## Exercise directions
Copy exactly the lines of the data below that run from the line holding "two goats eating hay" through the line holding "Imagem FAZENDA a venda 95ha em CURVELO/MG", both ends included.

## Provided data
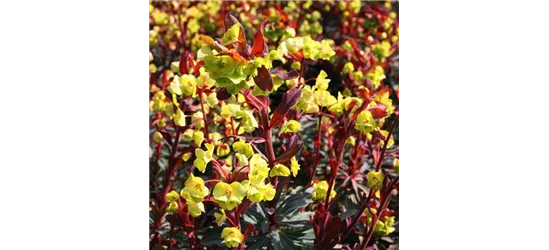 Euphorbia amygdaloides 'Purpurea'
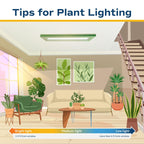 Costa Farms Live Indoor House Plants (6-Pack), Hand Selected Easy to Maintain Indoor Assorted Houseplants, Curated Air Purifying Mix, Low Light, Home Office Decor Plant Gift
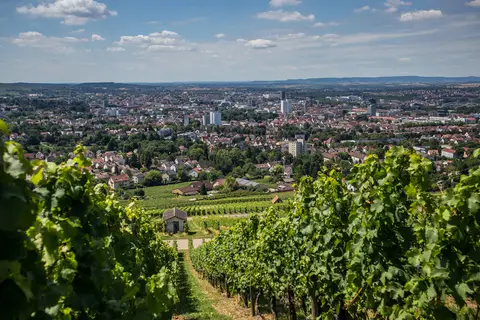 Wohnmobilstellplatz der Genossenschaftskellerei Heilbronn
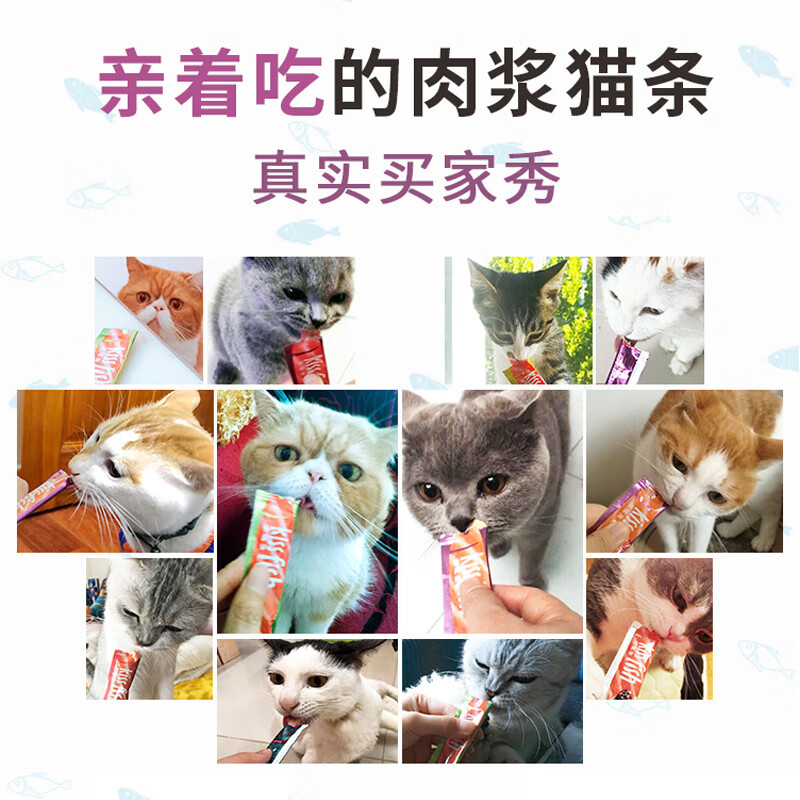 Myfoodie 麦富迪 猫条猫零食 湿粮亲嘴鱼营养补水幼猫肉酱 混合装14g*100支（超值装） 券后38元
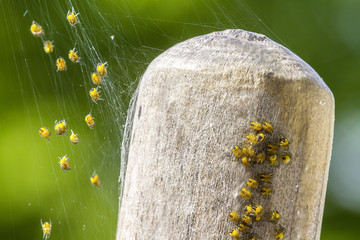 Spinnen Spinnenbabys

---

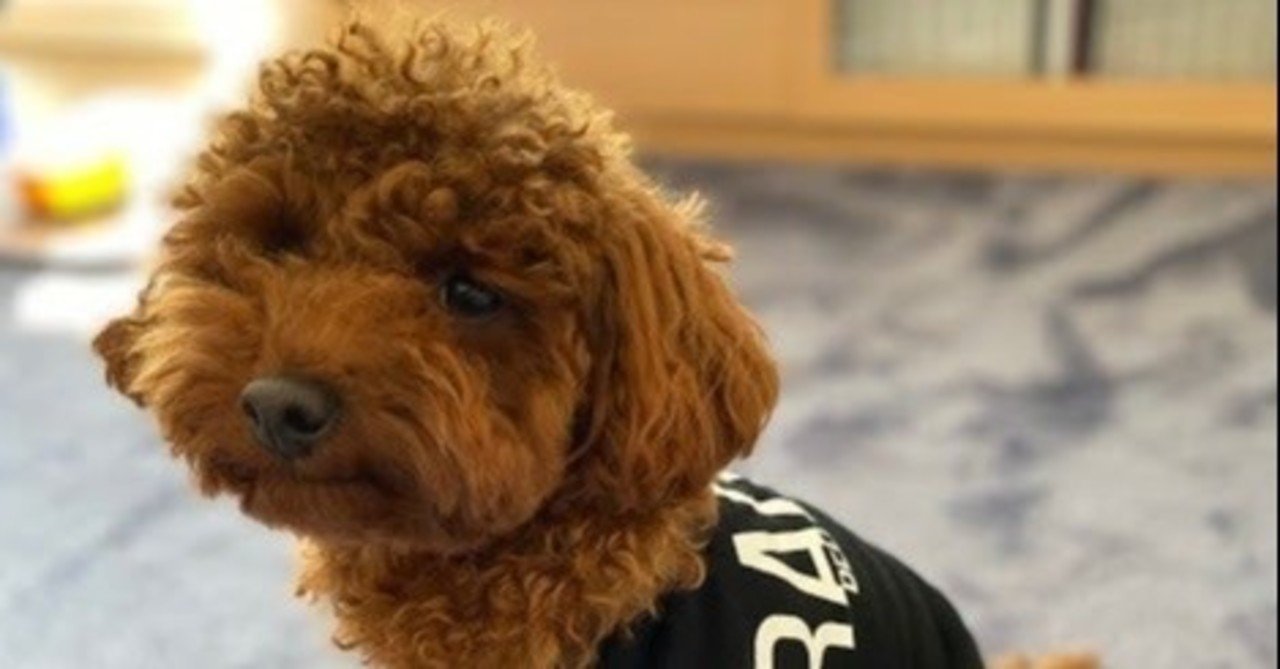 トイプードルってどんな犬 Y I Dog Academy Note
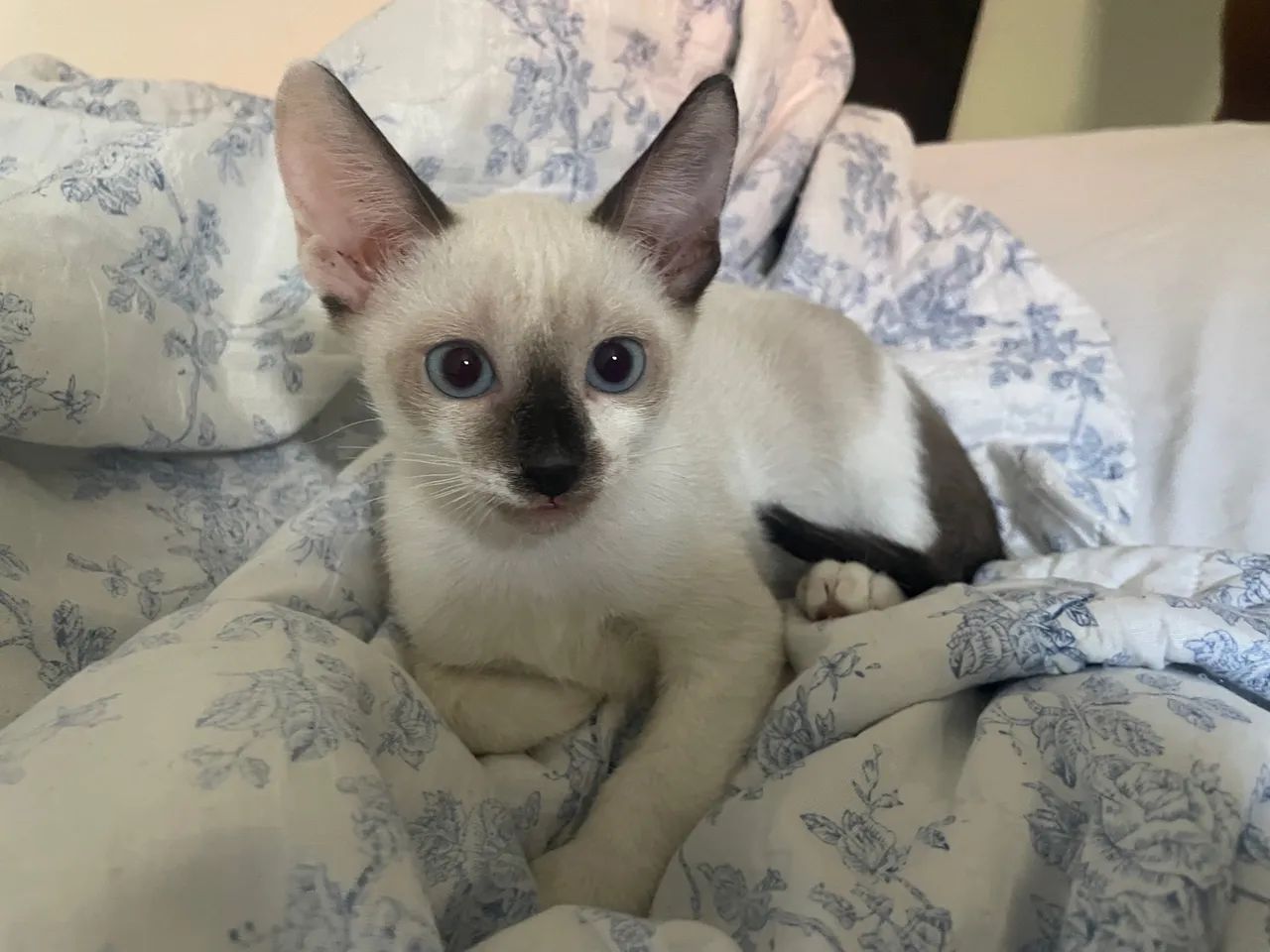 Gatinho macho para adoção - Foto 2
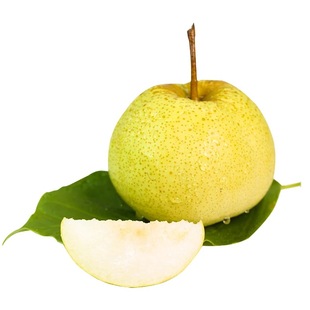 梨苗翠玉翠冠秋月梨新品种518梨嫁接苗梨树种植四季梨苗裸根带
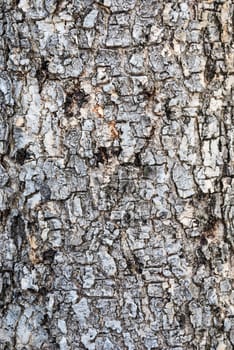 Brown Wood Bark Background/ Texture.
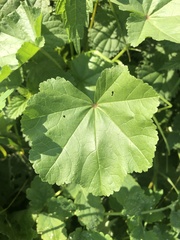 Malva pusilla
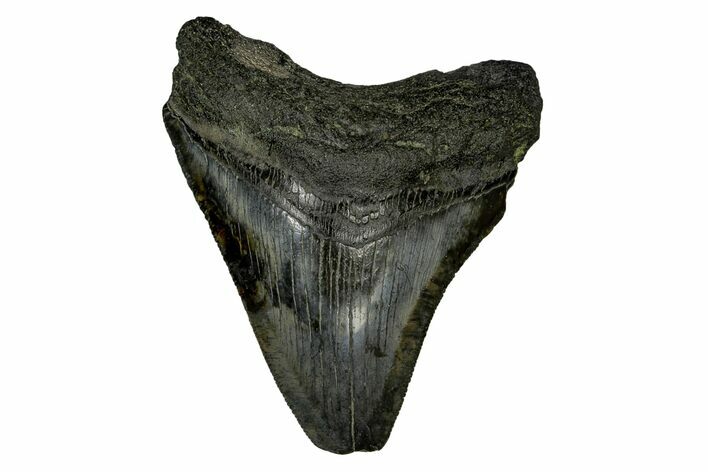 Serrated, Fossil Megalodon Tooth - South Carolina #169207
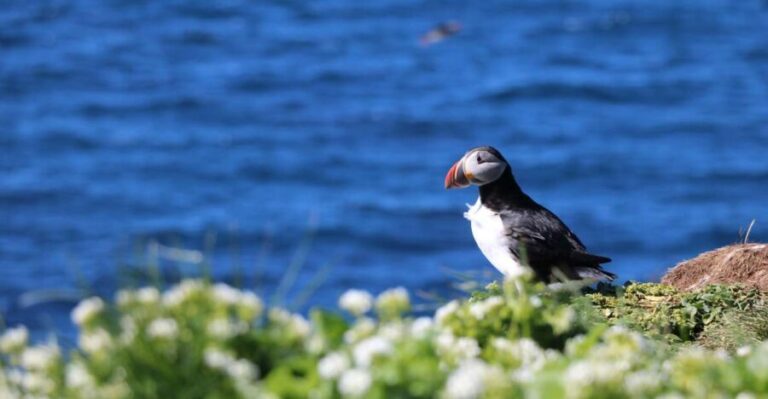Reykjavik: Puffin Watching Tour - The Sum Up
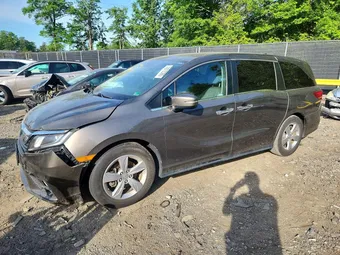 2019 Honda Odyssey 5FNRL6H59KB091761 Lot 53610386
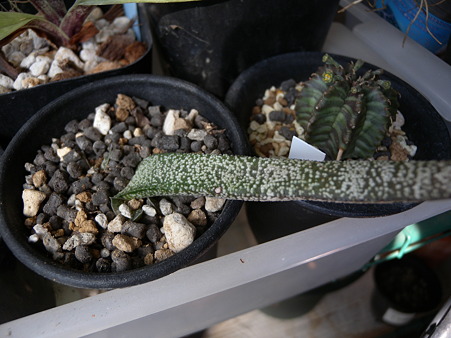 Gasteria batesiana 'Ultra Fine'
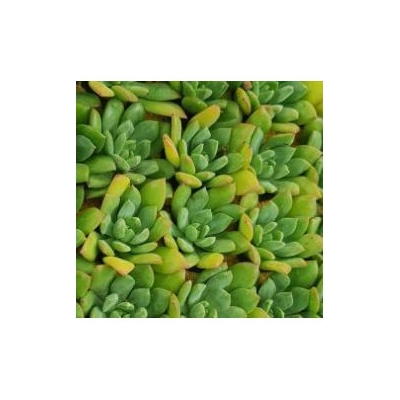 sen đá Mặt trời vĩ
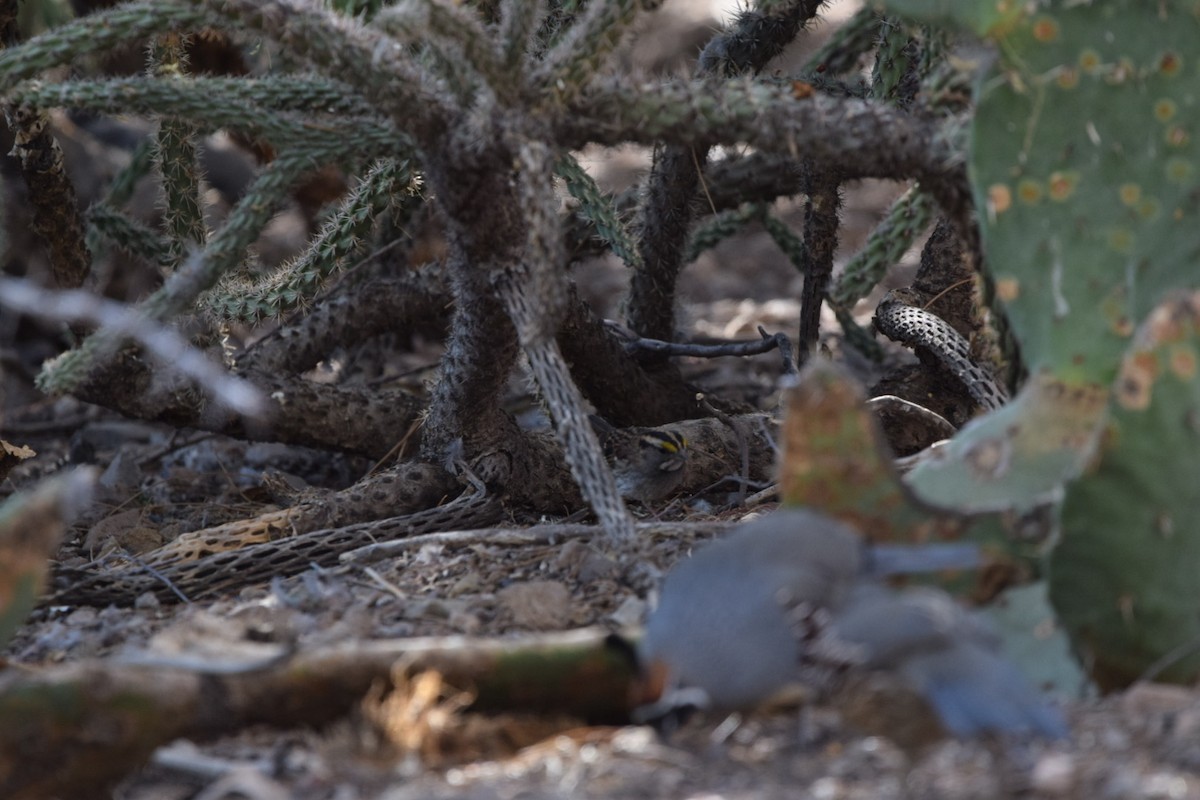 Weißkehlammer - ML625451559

* * *

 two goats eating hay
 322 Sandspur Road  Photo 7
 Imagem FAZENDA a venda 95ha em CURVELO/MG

## Task result
 two goats eating hay
 322 Sandspur Road  Photo 7
 Imagem FAZENDA a venda 95ha em CURVELO/MG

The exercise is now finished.